GS : Nah itu sering kali terjadi Pak Paul, sebelum pernikahan orang itu bisa intim luar biasa, tetapi justru setelah pernikahan mereka malah menjauh, semakin menjauh. Jadi keintiman itu rupanya gagal mereka bangun atau bagaimana Pak?
PG : Yang terjadi adalah setelah kedua orang itu menikah, mereka mulai menyadari pasangannya lebih daripada sebelum mereka menikah. Mereka melihat dengan lebih jelas, nah sering kali yang muncu adalah memang bukannya penyatuan atau keintiman tapi keterpisahan.
Keterpisahan muncul karena perbedaan, itu memang suatu tantangan yang harus kita lewati. Kita cenderung tidak begitu merasa nyaman untuk dekat, untuk bergantung pada orang yang berbeda sekali dengan kita. Kita cenderung akan merasa lebih nyaman dengan orang yang kita anggap serupa dengan kita, tapi kedua orang yang menikah sedikit demi sedikit, perlahan-lahan akan melihat fakta o......tidak mereka sangat berbeda. Nah langsung yang muncul dalam pikiran kita adalah tidak mungkin pasangan kita mengerti kita, makanya muncullah konflik, dan konflik akhirnya membuat kita terpisah. Nah ini adalah hambatan terhadap penyatuan, jadi pernikahan memang sudah menyimpan potensi untuk kita terpisah, kalau kita gagal atau tidak berhasil mengalahkan keterpisahan atau perbedaan itu.

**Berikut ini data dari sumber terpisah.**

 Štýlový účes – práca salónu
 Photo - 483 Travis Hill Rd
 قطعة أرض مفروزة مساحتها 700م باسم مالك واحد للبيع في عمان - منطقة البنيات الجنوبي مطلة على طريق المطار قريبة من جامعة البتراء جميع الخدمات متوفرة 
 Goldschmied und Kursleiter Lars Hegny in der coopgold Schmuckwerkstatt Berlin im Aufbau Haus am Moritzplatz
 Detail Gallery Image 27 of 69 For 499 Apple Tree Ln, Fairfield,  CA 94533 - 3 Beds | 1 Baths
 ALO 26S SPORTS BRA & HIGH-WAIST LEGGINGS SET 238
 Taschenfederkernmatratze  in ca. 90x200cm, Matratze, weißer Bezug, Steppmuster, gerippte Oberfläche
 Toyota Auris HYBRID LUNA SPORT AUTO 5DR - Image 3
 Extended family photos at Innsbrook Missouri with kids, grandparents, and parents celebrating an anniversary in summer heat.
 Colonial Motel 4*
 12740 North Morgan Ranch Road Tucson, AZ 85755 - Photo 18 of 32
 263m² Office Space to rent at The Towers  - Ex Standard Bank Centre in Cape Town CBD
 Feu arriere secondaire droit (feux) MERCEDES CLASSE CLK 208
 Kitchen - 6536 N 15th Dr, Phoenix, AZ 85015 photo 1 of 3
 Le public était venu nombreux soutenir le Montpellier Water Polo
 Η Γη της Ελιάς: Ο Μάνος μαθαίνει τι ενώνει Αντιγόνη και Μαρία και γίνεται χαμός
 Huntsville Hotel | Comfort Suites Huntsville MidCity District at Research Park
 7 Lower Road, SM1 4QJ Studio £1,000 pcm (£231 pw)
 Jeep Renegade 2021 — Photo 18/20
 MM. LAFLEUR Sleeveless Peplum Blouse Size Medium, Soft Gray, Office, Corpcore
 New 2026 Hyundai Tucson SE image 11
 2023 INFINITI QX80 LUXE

WL : Pak Paul, kalau Pak Paul tadi mengatakan sudah menyimpan "benih keterpisahan" apakah itu boleh saya katakan, sebenarnya jauh sebelumnya waktu pacaran memang sudah begitu. Kalau yang sehat mestinya sudah lebih saling mengenal, jadi waktu menikah kaget-kagetnya itu tidak sampai parah akan keperbedaan-perbedaan itu, bisa begitu atau tidak Pak Paul?
PG : Betul, jadi kalau dalam masa berpacaran kedua orang itu telah bekerja cukup keras maka seharusnya perbedaan yang akan muncul atau akan dilihat tidak terlalu mengejutkan dan sedikit banyak ereka telah lebih siap untuk menyesuaikan diri atau mengatasi perbedaan mereka.
Yang celaka adalah kalau dalam masa berpacaran kedua individu tersebut tidak bekerja terlalu keras, terlalu menggampangkan, waktu berpacaran terlalu singkat atau misalkan terlalu banyak unsur seks yang Tuhan tidak izinkan sehingga hal-hal yang perlu dibahas, yang perlu dimunculkan tidak dimunculkan, karena yang mendominasi adalah nafsu atau seks itu sendiri. Pada akhirnya setelah mereka menikah barulah mata mereka terbuka melihat begitu banyak perbedaan dan di situ mereka baru harus bekerja keras mencocokkan diri, kalau tidak berhasil memang yang akan muncul adalah keterpisahan. Nah waktu kita merasa kok saya berbeda, kok konflik, tidak bisa tidak kita makin menjauh. Firman Tuhan mencatat
Kejadian 3:7, setelah manusia jatuh ke dalam dosa terbukalah mata mereka berdua dan mereka tahu, bahwa mereka telanjang; lalu mereka menyemat daun pohon ara dan membuat cawat. Artinya setelah manusia akhirnya menyadari dirinya siapa, diri pasangannya siapa kecenderungannya adalah manusia mulai membentuk atau membangun benteng perlindungan-perlindungan agar mereka lebih aman di dalam perlindungan itu. Nah ini adalah awal dari tembok pemisah lagi.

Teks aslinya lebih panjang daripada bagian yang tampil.